Goal of the exercise:
Produce a word-for-word copy of the data that follows, excluding images.

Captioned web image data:
━━━━━━━━━━━━━━━━

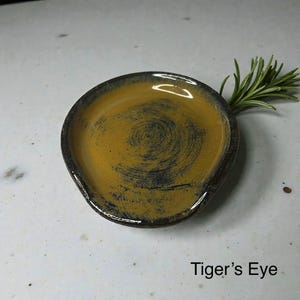 Handmade Ceramic Spoon Rest - Lots of Color Options - Great for spoons, spatulas, and other cooking tools - Dishwasher safe Tiger’s Eye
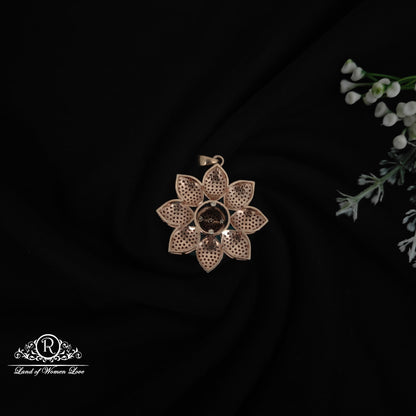 92.5 Silver Fusion Rose gold polish Flower design Locket-RCM1059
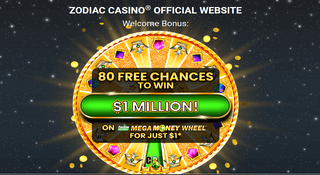 Zodiac Casino - 80 Millionaire spins for $1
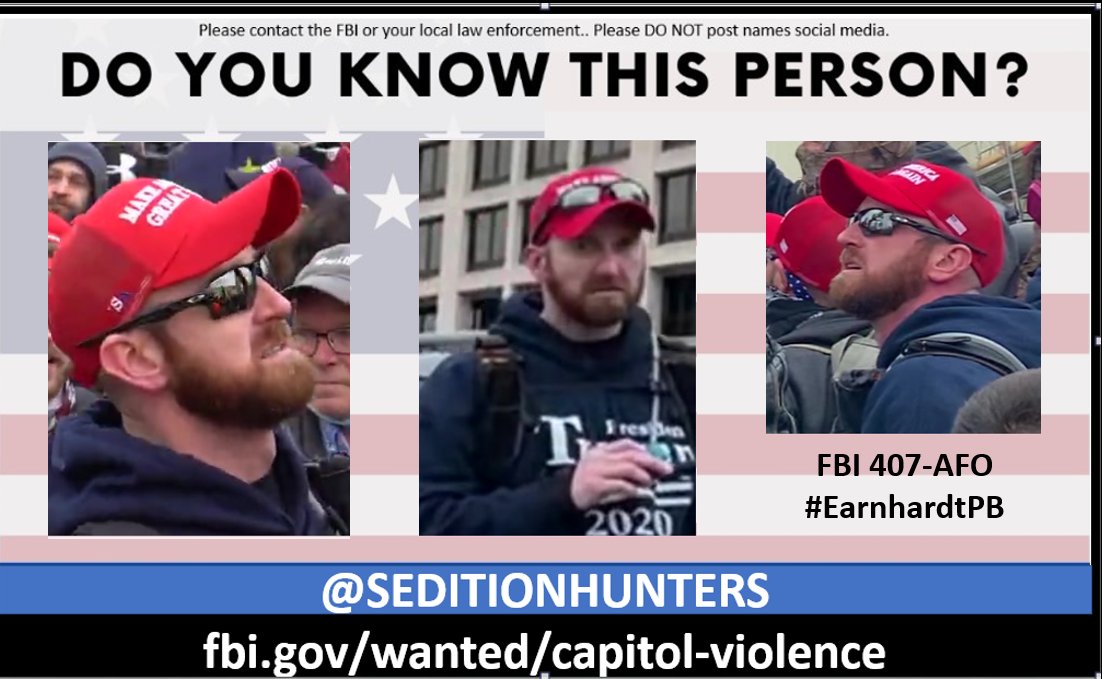 SeditionHunters's tweet photo. Please share across all platforms. Do you Know this individual?? Please contact the FBI with 407-AFO #EarnhardtPB #DCRiot #CapitolRiot #DomesticTerrorism https://t.co/31k4N1r5Oa #DoYouKnow https://t.co/FEifEUclY4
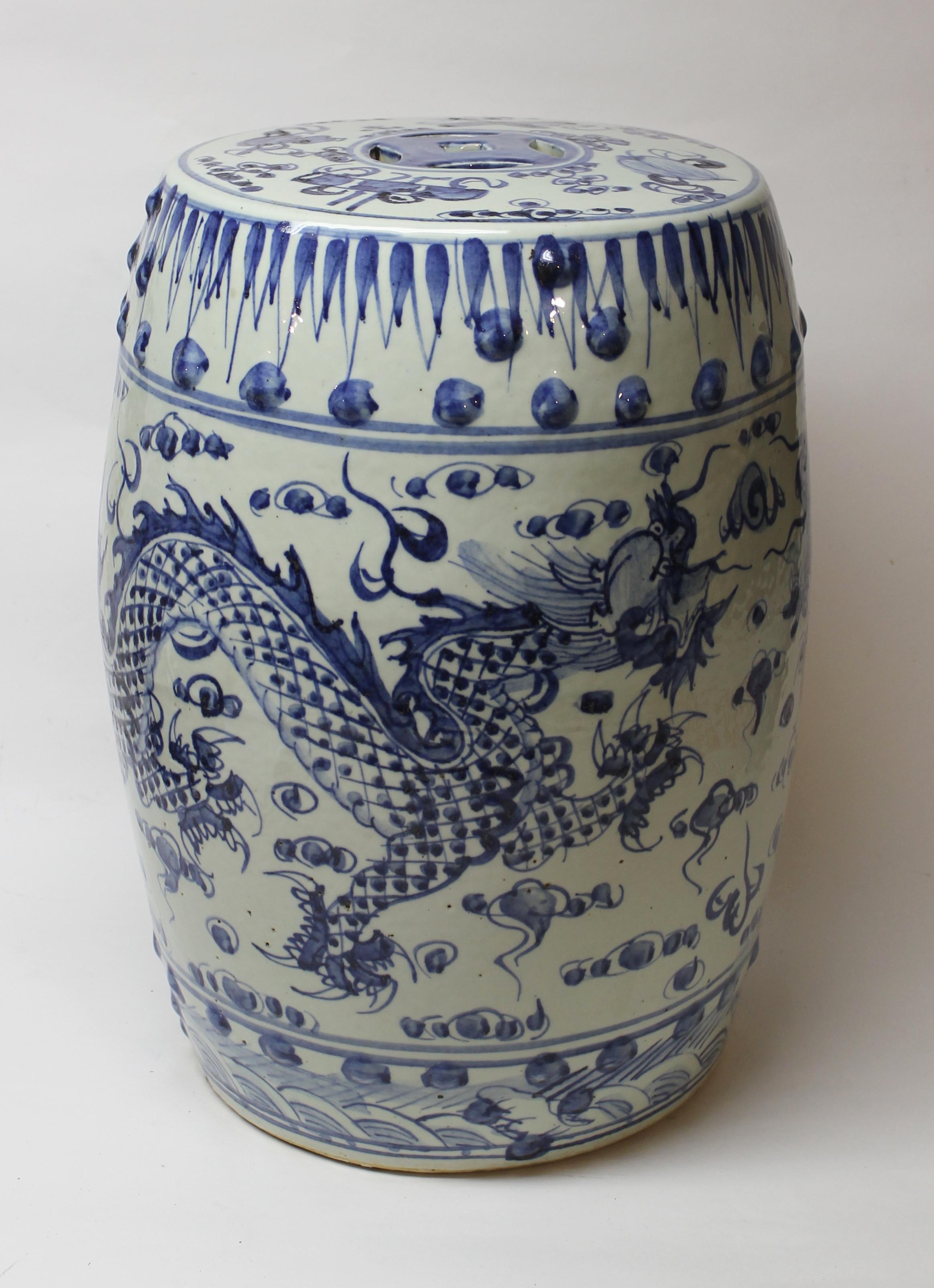 20th Century Chinese Blue and White Ceramic Garden Stool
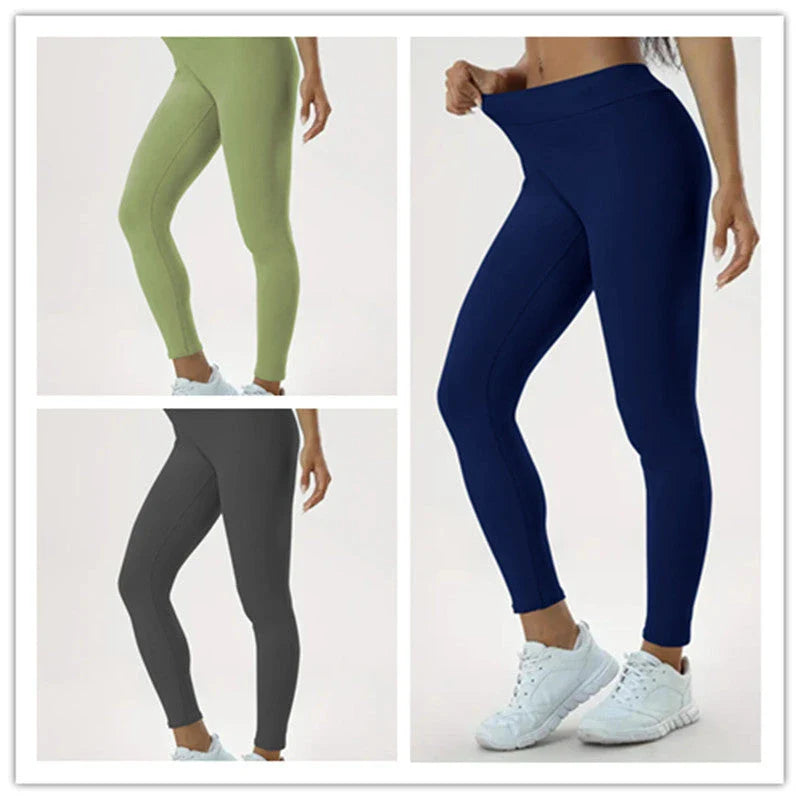 Women's high-waist yoga pants made of premium polyester fabric with a slimming, flattering design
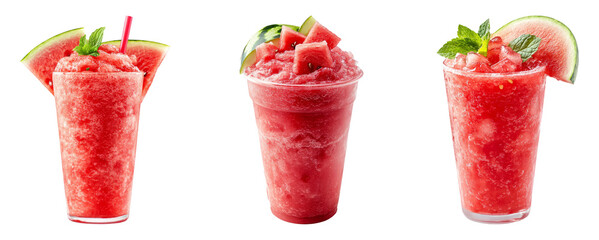 Three refreshing watermelon slushies in clear glasses on transparent background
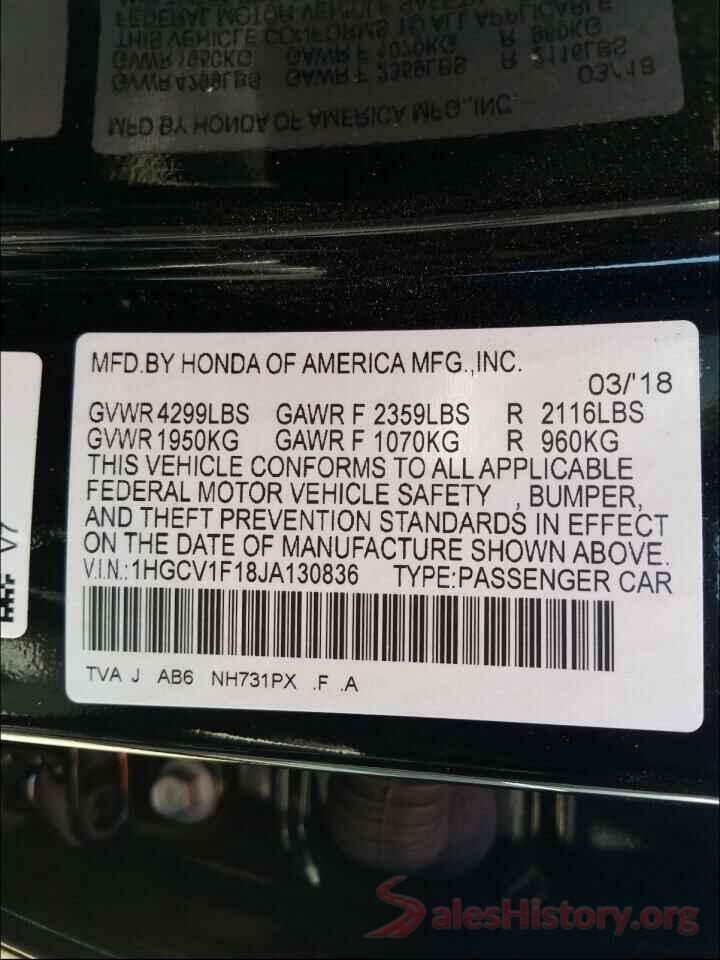 1HGCV1F18JA130836 2018 HONDA ACCORD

━━━━━━━━━━━━━━━━

Written response:
 Handmade Ceramic Spoon Rest - Lots of Color Options - Great for spoons, spatulas, and other cooking tools - Dishwasher safe Tiger’s Eye
 92.5 Silver Fusion Rose gold polish Flower design Locket-RCM1059
 Zodiac Casino - 80 Millionaire spins for $1
 SeditionHunters's tweet photo. Please share across all platforms. Do you Know this individual?? Please contact the FBI with 407-AFO #EarnhardtPB #DCRiot #CapitolRiot #DomesticTerrorism https://t.co/31k4N1r5Oa #DoYouKnow https://t.co/FEifEUclY4
 20th Century Chinese Blue and White Ceramic Garden Stool
 Women's high-waist yoga pants made of premium polyester fabric with a slimming, flattering design
 Three refreshing watermelon slushies in clear glasses on transparent background
 1HGCV1F18JA130836 2018 HONDA ACCORD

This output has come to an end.